An unconventional symphony created by the movement of pigeons in flight, giant fish wandering the streets of Prague, a geolocational sound walk, a wall made of a thousand bricks, a silent carnival procession, new-circus acrobats, and fake lines of waiting for people. These are just a few of the many projects found in the projects Formations and Site-Specific Festival at this year’s Prague Quadrennial. These performances disturbing the everyday routine of the city’s public space take place primarily in Stromovka Park and the Prague Exhibition Grounds.
// The Formations disturbs the calm of the city and everyday life
Formations, a project put together by curators D. Chase Angier and Serge von Arx, explores the structures and models that influence everyday life. Depending on their field of practice, artists from around the world bring different points of view and enter, with a sense of curiosity, into experimental performative conversations throughout the city. At random moments, the projects interact with the public space, with passers-by, the weather, and other works of art that they happen upon. The program always shows each performance’s starting time, but not its exact contents or duration. Chance encounters on the expansive fairgrounds in front of the Industrial Palace offer a pleasant break from everyday life.

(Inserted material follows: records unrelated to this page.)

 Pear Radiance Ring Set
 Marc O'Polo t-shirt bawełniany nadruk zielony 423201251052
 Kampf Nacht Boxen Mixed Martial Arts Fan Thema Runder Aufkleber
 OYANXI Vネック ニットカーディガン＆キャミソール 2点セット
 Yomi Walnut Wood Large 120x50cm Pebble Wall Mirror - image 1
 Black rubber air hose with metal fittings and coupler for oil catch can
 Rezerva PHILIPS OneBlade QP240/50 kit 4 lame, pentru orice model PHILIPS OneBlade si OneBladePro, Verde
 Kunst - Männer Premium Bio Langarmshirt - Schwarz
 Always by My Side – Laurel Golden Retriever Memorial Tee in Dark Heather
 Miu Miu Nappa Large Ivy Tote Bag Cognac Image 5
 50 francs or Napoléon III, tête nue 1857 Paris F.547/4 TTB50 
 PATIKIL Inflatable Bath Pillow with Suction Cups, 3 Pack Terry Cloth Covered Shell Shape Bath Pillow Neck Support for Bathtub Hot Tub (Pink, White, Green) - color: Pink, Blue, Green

Robin Meier & Ensemble Cairn present a symphony for twelve pigeons and three musicians. The composition Song for Ghost Travellers explores chance and the fixed patterns of flying birds, which are translated into live music. In the performance Deform, Dutch artist Iris Woutera de Jong brings to life a sculpture designed as clothing for the human body in order to find new possibilities of movement. The Vietnamese-Chinese artist, researcher, and designer Moi Tran presents her improvised performative movement work The Circuit – A Movement Scenario, in which she pays homage to Vietnamese women. In The Red Carpet, French performer Jo Blin creates an improvised flea market where anyone can sell their memories on a piece of red carpet that is a place for commerce and art. In its performance, the collective Complejo Conejo works with the premise that if the city is like a sea, then the passers-by must be fish. Their six anthropomorphic fish walk through the city imitating and toying with everyday human behaviour. Meanwhile, the Norwegian theatre ensemble IZAM explores the performative potential of standing in line. By unexpectedly disturbing ordinary lines of visitors at PQ 2019, they question the anticipated structure of standing, waiting, and being served. The Czech collective tYhle, in collaboration with Studio Alta, has put together the hyper-athletic performance LEGOrytmus offering performances that reach for athletic goals using highly unconventional means of movement.
// The Site-Specific Performance Festival takes over Stromovka
Curator Sophie Jump has put together the Site-Specific Performance Festival presenting scenographically oriented performances by emerging and established international artists and ensembles. The diverse program offers everything from intimate performances for a limited number of viewers or public actions that visitors can join, all the way to grand spectacles. The range of options includes drama, dance, performance art, storytelling, costumes, installations, and new technologies from around the world.
Site-Specific Performance Festival takes place in the Exhibition Ground’s outdoor areas, in neighbouring Stromovka Park, and elsewhere throughout Prague. The performances in the city centre take the audience into familiar as well as practically unknown places. “Each performance invites the audience to savour the venue in all its intertwining layers – visible as well as invisible – and to do so through unusual interactions,” adds curator Sophie Jump.
French artists Carolina E. Santo and Emmanuelle Gangloff explore the fact that France has not participated in PQ since 2003. For Site-Specific Performance Festival, they have created an archaeological survey titled Excavating the Remains of French Scenography in Prague. Swiss artist Tom Greder comes to the PQ with his mobile projection booth Panorama, with which he alters the definition of interactive theatre. Thanks to its ability to rotate 360 degrees, the booth transforms reality into fantasy. As they look out through the window, the viewers inside experience the world from an absolutely new perspective.
For performances mixing elements of dance and circus, check out the joint project by Hungary’s SimorÁg DanCircus and Firebirds Productions titled The Flock Project. Their aerial vertical dance promises to be a dangerous spectacle. The program also includes a Brazilian carnival procession, but its silent version: the only sounds that Andaime Cia de Teatro’s Silent Carnival offers passers-by is via radio frequencies. Meanwhile, in Melting Borders, Riccardo Matlakas dissolves our country’s political symbols: in an installation consisting of ice cream in the colours of the Czech flag, the stains left by the melting ice cream become a “sweet flag” of the Czech Republic. In Morphogen by the Hungarian collective Theater Living Picture, the performers are wrapped in elastic fabrics to create colourful embodiments of the human soul.